“No, I didn’t stay to dinner,” Estelle said in answer to Octavia’s question. “There was turnip in the soup; it smelled all over the house.” Estelle was fastidious to a degree, and so, indeed, was Dave, far more so than the rest of us. “But I had some of Rob’s broth, which he wouldn’t touch, and a bit of toast. I don’t want any dinner.”

She spoke absent-mindedly, and she didn’t reply to grandma and Octavia who gently remonstrated, or to Loveday, who first scolded, and then immediately had a piece of yesterday’s plum-pudding warmed for her. Estelle was fond of plum-pudding and Loveday always saved a piece for her, as she had done from the time she was a child.

But when I went to her room, an hour later, the plum-pudding was untouched on the tray where Viola had set it, and Estelle was fiercely setting a patch upon the knee of Dave’s blue overalls. Fiercely may be a trifle too strong an adjective, but I know of no other that so well describes the grim energy of her action. I think Dave’s unaccustomed work must have been as fiercely done, for both pairs that he wore were already worn out at the knees.

“Estelle, if you had found out anything—anything in Dave’s favor from Rob—of course you would tell me,” I said.

“I don’t know but I should tell you, Bathsheba,” she said slowly. “But there is nothing to tell. Rob is very elusive, you know; he is not in the least like his father.”
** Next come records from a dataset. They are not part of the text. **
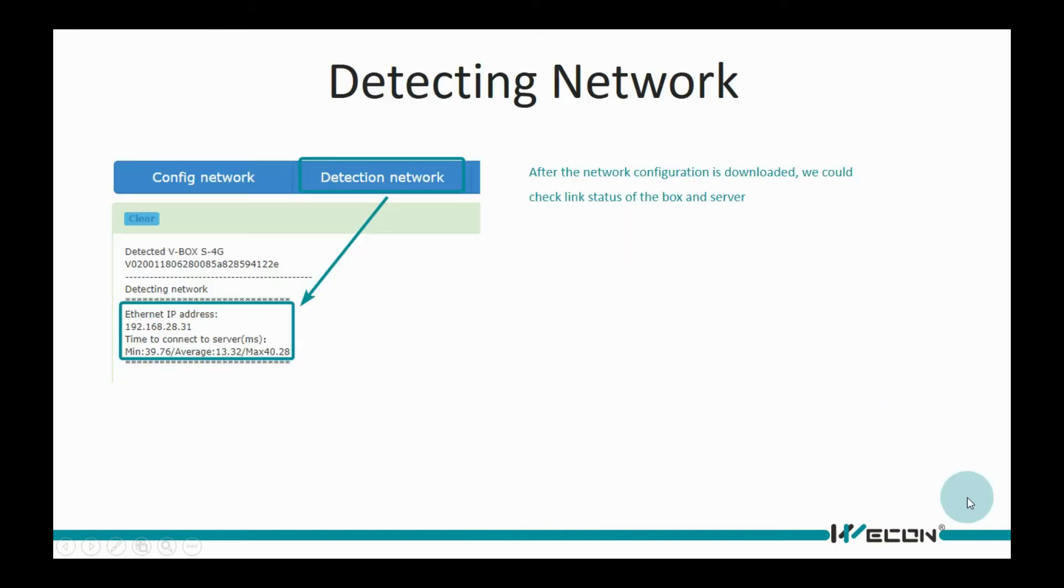V-Box will restart automatically after download. When the V-Box is running, we could click the detection network to check whether the device is connected to the server.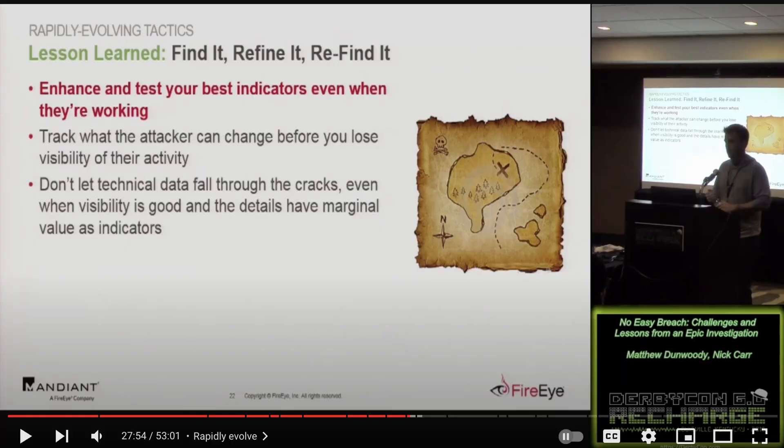Now attackers like APT29, as covered by Nick Carr and Dunwoody in their presentation at DERBYCON called No Easy Breach, where they were trying to eradicate and extradite APT29 from that network—one of the things that that actor was actually doing is they were using WMI permanent events for persistence inside of the environment.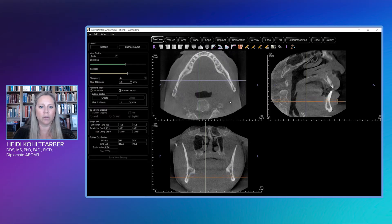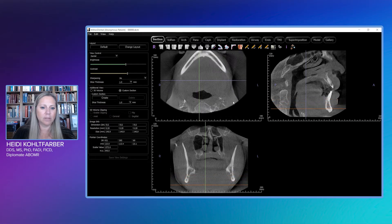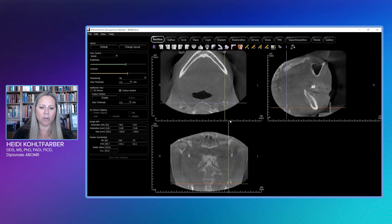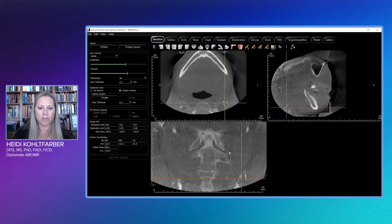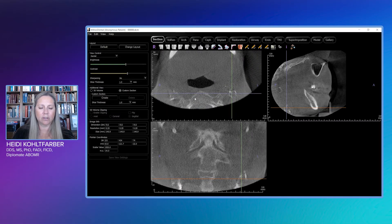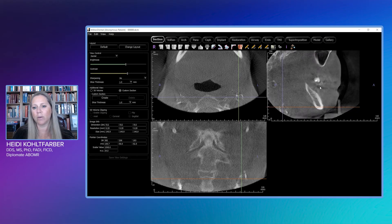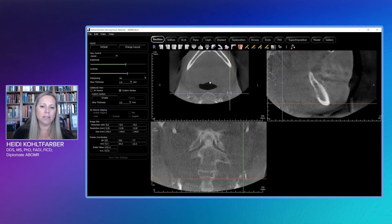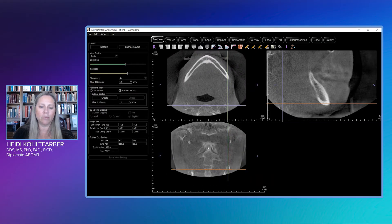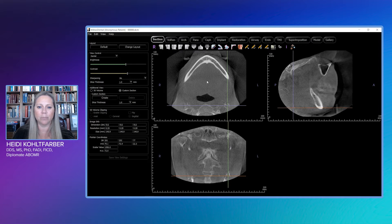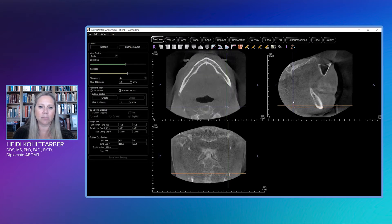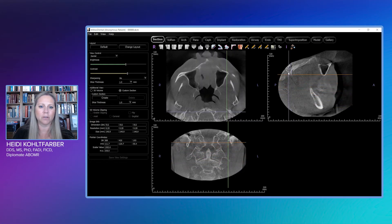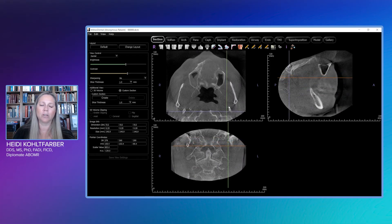Of lesser importance but still worth noting: we do have bilateral calcified carotid atheromas, posterior and lateral to the airway space, and it's fairly extensive. So he has several things going on. Looking at this overall, I'm thinking about a pattern of neglect — he's had kidney disease, so he's probably had a rough go of things.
“Certainly Uncle Horace is about as elusive as a sledge hammer,” said I.

“But I had my suspicions confirmed. He knows all about it, and he had more to do with it than he will tell,” she declared positively.

“I don’t see how he could have had anything to do with it,” I retorted, in my stupidly argumentative way, although I knew argument was useless, even if all argument had not been exhausted on that subject. “He was ill in bed at the time, and if he hadn’t been no one could ever suspect him of having anything to do with horse-races. He never could bear to see horses trained. The only time he and Dave ever quarreled was when Dave broke in the colts. He didn’t send Dave to the races. Rob never was the least bit coarse. I didn’t think Dave was, either——”

“But you lost all faith in him at the first trial!” interrupted Estelle, not reproachfully, but in a matter-of-fact tone.

“Did—did Rob say that he thought that there was any excuse for Dave?” I said. How could I say that he thought Dave didn’t do it, when Dave had virtually owned that he did?